<<<<

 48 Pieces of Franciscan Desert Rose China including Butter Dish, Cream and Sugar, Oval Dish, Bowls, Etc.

>>>>
<<<<

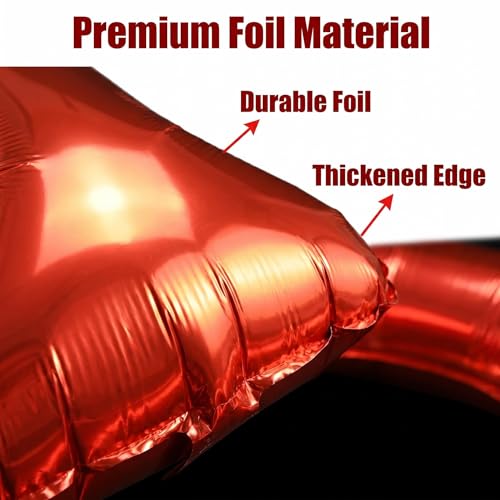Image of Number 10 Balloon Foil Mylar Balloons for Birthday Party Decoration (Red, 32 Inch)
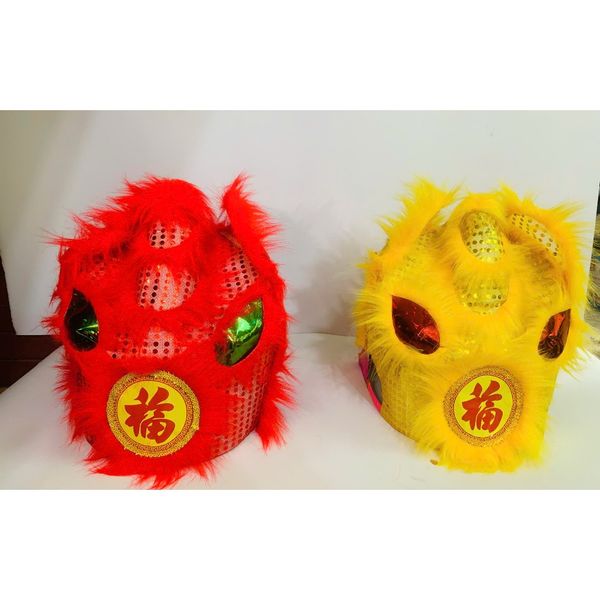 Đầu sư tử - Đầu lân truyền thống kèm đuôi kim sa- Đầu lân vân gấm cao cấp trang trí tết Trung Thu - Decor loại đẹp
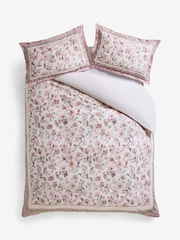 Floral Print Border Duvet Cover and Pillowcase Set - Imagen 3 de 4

>>>>

### [What you are asked to do]
Give back, exactly and without pictures, the stretch of the records above from the line containing "Đầu sư tử - Đầu" through the line containing "Floral Print Border", with both end lines included.

### [Solution to the exercise]
 Đầu sư tử - Đầu lân truyền thống kèm đuôi kim sa- Đầu lân vân gấm cao cấp trang trí tết Trung Thu - Decor loại đẹp
 Floral Print Border Duvet Cover and Pillowcase Set - Imagen 3 de 4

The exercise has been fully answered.